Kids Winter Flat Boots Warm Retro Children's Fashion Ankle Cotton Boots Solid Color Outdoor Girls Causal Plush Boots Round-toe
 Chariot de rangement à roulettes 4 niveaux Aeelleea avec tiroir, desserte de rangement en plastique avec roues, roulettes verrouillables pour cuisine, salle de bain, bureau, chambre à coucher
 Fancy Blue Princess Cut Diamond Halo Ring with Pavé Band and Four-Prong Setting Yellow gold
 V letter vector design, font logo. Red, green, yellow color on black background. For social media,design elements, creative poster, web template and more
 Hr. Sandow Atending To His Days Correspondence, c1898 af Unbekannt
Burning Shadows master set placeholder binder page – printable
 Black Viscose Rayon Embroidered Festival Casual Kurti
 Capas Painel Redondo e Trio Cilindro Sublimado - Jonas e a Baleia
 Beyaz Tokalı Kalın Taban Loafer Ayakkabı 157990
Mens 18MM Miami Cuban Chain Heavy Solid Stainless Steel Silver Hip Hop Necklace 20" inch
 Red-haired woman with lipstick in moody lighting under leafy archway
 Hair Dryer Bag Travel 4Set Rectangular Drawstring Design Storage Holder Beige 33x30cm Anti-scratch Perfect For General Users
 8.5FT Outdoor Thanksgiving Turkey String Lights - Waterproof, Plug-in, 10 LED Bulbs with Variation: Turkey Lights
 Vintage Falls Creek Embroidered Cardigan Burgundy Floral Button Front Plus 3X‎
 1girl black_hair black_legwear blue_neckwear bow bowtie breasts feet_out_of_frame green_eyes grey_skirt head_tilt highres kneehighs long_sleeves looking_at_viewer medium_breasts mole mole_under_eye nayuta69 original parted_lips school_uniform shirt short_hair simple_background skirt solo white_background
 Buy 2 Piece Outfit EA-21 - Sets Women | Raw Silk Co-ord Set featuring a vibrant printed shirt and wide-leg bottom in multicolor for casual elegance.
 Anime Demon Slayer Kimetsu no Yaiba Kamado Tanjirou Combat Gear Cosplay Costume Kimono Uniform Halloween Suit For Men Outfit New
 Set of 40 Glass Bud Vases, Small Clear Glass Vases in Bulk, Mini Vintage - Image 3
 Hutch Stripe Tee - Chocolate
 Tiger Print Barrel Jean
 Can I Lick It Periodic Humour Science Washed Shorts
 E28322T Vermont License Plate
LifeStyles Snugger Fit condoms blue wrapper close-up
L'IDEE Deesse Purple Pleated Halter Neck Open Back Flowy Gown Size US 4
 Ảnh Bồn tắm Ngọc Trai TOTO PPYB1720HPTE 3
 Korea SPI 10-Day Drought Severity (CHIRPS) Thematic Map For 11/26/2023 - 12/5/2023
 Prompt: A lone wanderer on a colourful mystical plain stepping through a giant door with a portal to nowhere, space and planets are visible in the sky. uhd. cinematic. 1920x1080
....
**DIRECTIONS FOR THIS TASK:** Exactly one number is the answer: how many lines of the entries contain the string "Solid".

**RESULT OF THE TASK:** 2